The united event marked just the type of gathering he wanted to see In Livingston Parish.
“It’s one hundred percent more diverse,” Vaughn said. “We had a community broken by a flood, and during that kind of tragedy we had to come to realize that this disaster did not discriminate and it knew no color.”
Vaughn and other organizers from the participating churches worked two months to devise a way to bring more people together, regardless of their ethnicity.

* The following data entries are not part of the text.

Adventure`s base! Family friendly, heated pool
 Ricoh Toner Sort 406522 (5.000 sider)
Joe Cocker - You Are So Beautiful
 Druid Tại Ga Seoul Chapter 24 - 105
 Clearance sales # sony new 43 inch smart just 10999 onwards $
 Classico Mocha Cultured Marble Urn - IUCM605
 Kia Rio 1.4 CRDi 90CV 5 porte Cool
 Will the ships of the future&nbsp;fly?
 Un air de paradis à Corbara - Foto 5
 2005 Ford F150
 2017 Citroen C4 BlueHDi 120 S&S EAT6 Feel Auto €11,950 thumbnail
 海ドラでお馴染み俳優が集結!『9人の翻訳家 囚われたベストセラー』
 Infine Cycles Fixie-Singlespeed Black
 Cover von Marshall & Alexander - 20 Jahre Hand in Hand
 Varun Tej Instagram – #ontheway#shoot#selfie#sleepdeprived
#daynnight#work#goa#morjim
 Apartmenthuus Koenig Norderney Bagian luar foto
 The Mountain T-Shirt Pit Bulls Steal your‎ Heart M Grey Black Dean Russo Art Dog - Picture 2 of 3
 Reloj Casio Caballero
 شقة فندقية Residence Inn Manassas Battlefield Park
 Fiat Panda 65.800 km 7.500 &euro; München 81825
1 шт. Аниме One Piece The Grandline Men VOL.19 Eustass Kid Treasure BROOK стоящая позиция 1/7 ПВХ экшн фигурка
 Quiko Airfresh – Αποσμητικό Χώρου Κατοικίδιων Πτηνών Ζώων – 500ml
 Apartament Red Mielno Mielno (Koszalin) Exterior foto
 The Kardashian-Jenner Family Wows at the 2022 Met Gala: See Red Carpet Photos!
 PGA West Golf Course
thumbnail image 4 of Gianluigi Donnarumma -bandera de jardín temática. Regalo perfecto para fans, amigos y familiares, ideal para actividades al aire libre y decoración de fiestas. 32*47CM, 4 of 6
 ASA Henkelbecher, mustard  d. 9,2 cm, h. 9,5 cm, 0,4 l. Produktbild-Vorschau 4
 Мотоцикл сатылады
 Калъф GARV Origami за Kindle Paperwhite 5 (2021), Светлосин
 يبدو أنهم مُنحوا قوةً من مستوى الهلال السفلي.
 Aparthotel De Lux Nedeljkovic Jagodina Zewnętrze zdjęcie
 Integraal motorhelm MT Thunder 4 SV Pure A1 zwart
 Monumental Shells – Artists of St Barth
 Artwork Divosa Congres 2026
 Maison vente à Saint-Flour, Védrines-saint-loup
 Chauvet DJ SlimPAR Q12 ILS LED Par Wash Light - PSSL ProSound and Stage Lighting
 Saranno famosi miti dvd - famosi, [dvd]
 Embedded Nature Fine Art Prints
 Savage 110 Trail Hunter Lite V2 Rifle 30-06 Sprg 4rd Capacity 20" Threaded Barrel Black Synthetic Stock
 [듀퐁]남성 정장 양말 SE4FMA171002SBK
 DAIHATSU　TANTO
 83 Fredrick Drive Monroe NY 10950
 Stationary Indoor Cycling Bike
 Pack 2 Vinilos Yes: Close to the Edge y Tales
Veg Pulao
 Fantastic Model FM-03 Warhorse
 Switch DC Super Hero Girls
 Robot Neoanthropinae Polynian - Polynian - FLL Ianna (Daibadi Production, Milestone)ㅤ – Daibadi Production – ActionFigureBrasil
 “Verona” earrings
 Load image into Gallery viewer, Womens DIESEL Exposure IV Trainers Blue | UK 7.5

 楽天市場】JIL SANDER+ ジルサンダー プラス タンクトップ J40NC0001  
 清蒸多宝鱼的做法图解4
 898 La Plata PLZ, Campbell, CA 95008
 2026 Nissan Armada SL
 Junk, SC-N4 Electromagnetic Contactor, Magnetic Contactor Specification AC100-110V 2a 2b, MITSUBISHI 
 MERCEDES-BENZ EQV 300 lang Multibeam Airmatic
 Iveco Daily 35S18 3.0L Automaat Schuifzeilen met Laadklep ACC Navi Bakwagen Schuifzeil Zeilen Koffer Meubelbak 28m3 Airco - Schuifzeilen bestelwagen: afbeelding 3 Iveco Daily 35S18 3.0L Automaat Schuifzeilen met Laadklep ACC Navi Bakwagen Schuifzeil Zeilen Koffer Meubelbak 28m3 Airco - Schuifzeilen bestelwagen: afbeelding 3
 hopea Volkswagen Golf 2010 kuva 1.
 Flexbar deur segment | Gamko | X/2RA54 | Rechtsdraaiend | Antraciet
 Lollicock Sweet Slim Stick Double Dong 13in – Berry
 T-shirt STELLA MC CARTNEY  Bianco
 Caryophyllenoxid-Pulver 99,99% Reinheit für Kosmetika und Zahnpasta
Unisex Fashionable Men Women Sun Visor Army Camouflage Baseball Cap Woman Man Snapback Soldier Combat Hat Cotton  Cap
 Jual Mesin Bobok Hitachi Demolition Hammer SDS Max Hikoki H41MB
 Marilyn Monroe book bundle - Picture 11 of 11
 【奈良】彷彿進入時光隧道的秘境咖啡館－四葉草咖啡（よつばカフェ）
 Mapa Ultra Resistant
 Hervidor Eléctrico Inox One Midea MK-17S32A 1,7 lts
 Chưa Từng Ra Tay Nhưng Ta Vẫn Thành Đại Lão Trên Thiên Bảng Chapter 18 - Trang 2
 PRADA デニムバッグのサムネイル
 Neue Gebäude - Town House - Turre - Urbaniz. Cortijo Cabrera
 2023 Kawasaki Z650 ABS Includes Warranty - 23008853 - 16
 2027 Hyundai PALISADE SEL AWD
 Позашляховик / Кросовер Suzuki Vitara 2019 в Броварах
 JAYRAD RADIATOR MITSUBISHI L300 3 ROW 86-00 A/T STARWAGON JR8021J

“My wife and I lived in Dallas a year, and what we noticed when we came back after a year was that the Body of Christ doesn’t look as beautiful as it’s supposed to be, and it doesn’t look as diverse culturally and racially as it should be,” Vaughn said. “This is what the Body of Christ is supposed to look like – not one color, not one type – and it’s the way we’re supposed to be represented.”
The Rev. Gregory Coates, a longtime friend of Easley, also believes it took a disaster to awaken the populations.
“It’s awesome, and I was so excited to see so many people come together, share the love, different churches and different races, all enjoying themselves,” Coates said. “It doesn’t get much better than this unless you’re in Heaven.”
Karen Thomas of St. Mark Baptist Church felt the time had come for all communities to come together, particularly after the flood.
“When you’ve all had to suffer through the same hardship, you realize it’s time to walk in fellowship with one another,” she said. “It was beautiful to see us laugh, play and embrace – and it was long overdue.
“But I wouldn’t say it was the flood that brought us together – it was Jesus,” Thomas said.